29 ago 2015

La poción mágica

Parece que nos molestan los tramposos, pero es solo una pose. En realidad solo nos molesta que los demás lo sean. «Todo el mundo tiene un precio y yo puedo comprar a cualquiera», farfulla Donald Trump, ese energúmeno multimillonario que aspira a convertirse en presidente de los Estados Unidos. Y lleva razón. ¿Quién renunciaría a tomar una poción mágica que le insuflara superpoderes, aunque fuera por un rato? Yo creo que nadie. Seguro que el lector se autoexcluiría. Pero imagínese que esa poción le va a permitir ganar una competición deportiva de los campeonatos del mundo de Atletismo, o los de Natación, o el Tour de Francia, que va a granjearle la satisfacción de derrotar a todos, de subirse a lo más alto del podio, de recibir una medalla y llorar un poco mientras suena el himno y las cámaras recogen cada parpadeo.
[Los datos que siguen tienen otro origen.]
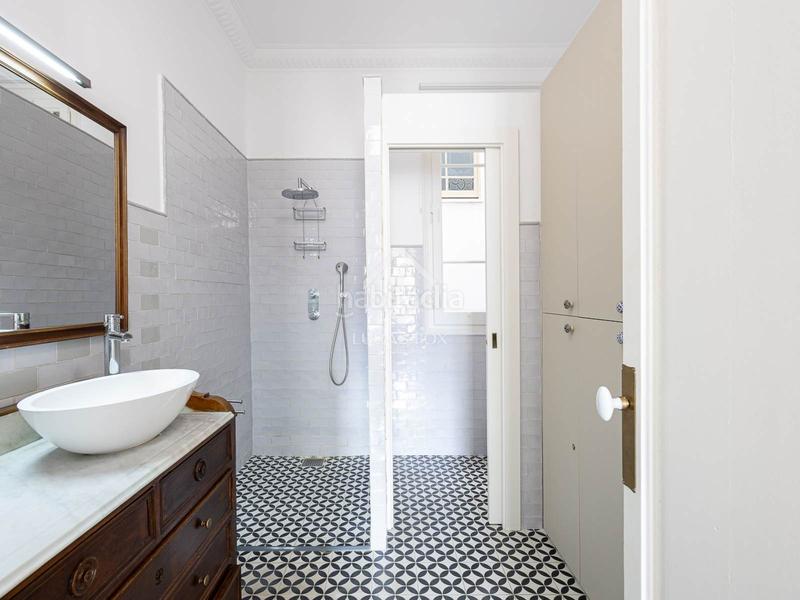 Foto ed401f44-d8dd-45c1-81cb-72015481f55b. Rent flat with heating in Dreta de l´Eixample Barcelona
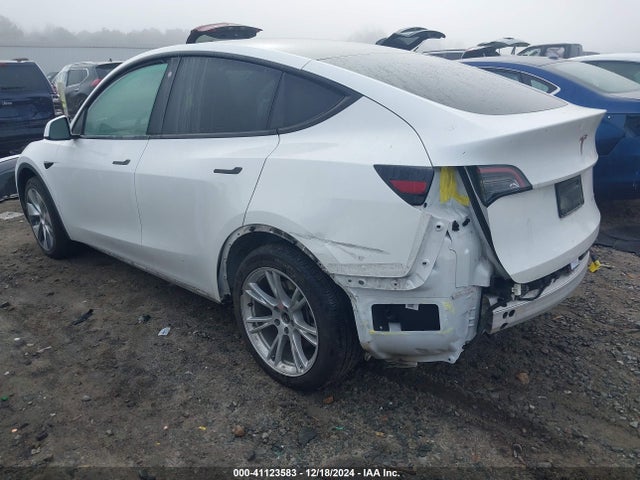 2021 TESLA MODEL Y 5YJYGAEE7MF294190 Photo 2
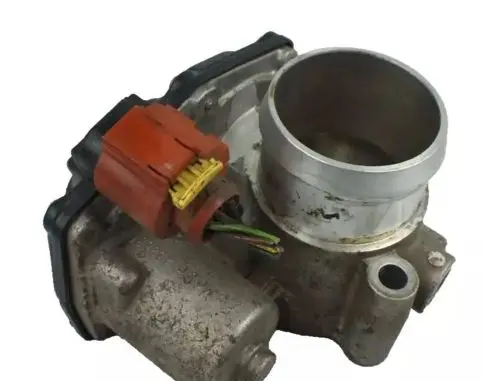 Ford Focus Throttle valve CM5G9F991EA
Y luego que vengan el dinero, la fama, el glamur. Una vez, explicándoles a mis alumnos de la ESO lo malo que es doparse, uno de ellos levantó la mano y dijo: «Pues yo me doparía si supiera que iba a ser campeón». «¿Ya, pero si luego te pillan?». «Entonces que me quiten lo bailado». «¿Y si el dopaje te enferma?» «¿Y si no?» «¿Y si sí?» «Que me quiten lo bailado». Si lo piensa un chaval de quince años, qué puede pensar el competidor de una final de los cien metros por ejemplo. Si está limpio, mirará con desconfianza a sus rivales temiendo que no lo estén. En la Olimpiada de 1988 pillaron al canadiense Ben Johnson y lo desposeyeron enseguida. Pero resulta que casi todos los que corrieron esa final llevaban liebre. Aunque las otras tardaron más en salir. Los santeros del dopaje van tan por delante de los detectores que a Lance Armstrong lo pillaron cinco años después del último de sus títulos, cuando era tan famoso que vivía en una nube. Se dopaban los antiguos atletas olímpicos griegos y se dopan los opositores a notarías. Menos se entiende que se dopen los deportistas veteranos, los juveniles y hasta el que va al gimnasio a hacer pesas y solo puede ganarse a sí mismo. Pero hasta Asterix era un tramposo. Aunque al menos su poción era comunitaria y servía para mantener a su pueblo invicto ante los romanos.